The first thing I did was hop on Twitter (of course), where my feed was blowing up about how hard the game Flappy Bird is.
How could a game called “Flappy Bird” make everyone so crazy? It doesn’t sound hard. It doesn’t sound intense.
I soon found out that I was wrong on both counts.
I downloaded the game and got to work. “Game Over” popped up on my screen not 5 seconds after I started. Not once. Not twice. Twelve times. On my 13th attempt, I got 1 point, before quietly smashing into one of the green tubes that stand in between the bird and that measly point.

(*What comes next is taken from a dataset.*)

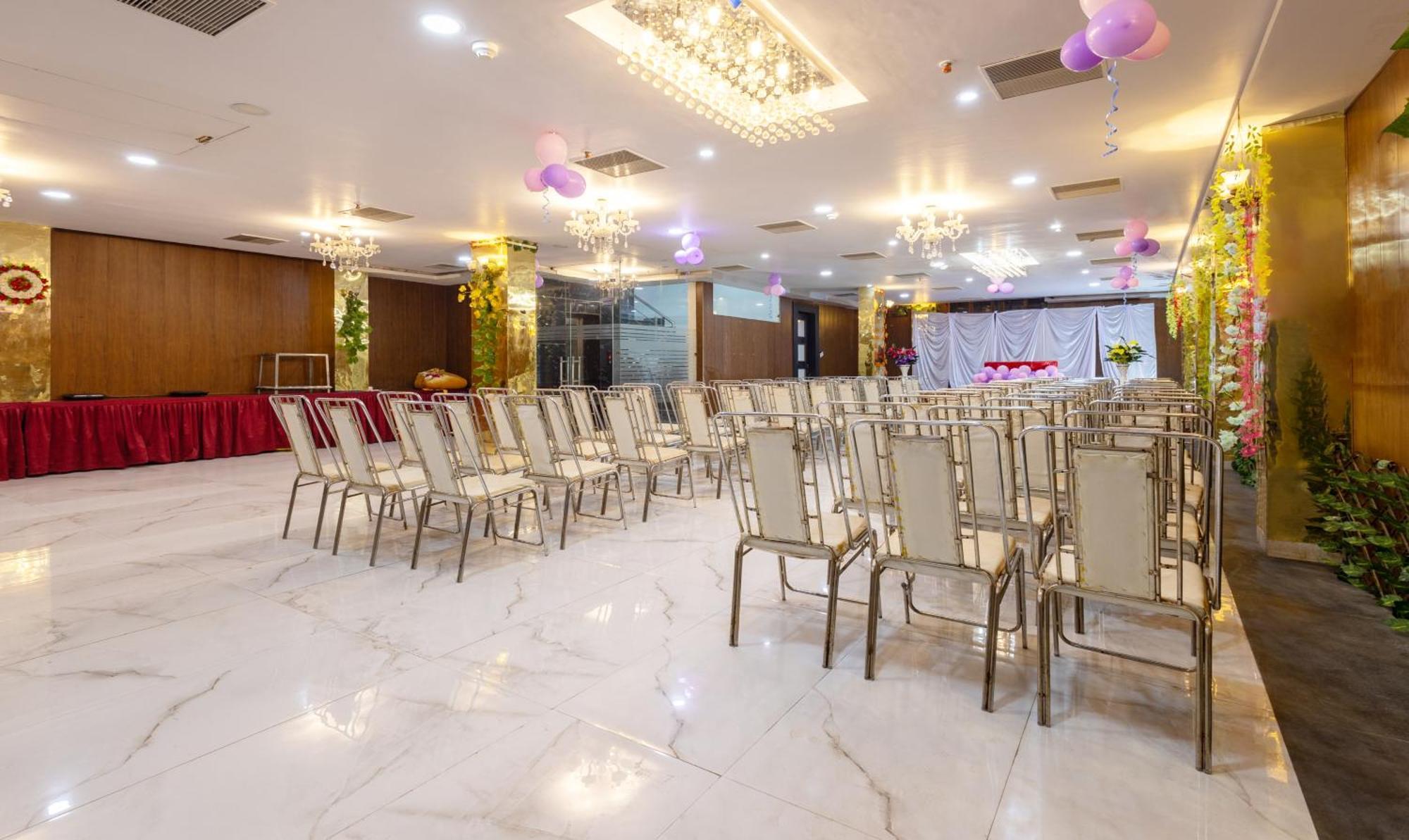 Treebo Shakuntalam, Near Lucknow Airport Hotel Екстериор снимка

I hit a high score of 2 points some 3 minutes later, before I quickly closed the app and went back to doing something — anything — else. 20 minutes and only 2 points? No thank you. I need something that isn’t going to give me an aneurysm.
But it’s actually an awful game. And here’s why: There’s no skill required to play this game. It’s all a matter of chance, like the ring toss at the carnival, and after a while, you have to walk away. You’re not just going to throw rings at a milk bottle forever.
When the going gets tough, we keep going. When the going gets really tough and you bought the game for free and there’s a ton of stuff to watch on TV and the dog needs to be taken for a walk, we put down Flappy Birds and we find something else to do.
I quit Candy Crush because the levels got too hard, and I started spending money. Luckily Flappy Birds has no in-app game purchasing, but even if it did, I think I’d have put it down long before that.
Sorry, Flappy Birds. I wanted to get into you, but you’re just too hard. And when something is that hard, it stops being fun.
Temple Run is hard. Dots is hard. Flappy Birds is like punishment. And nobody wants to be punished, even if the price of admission is free.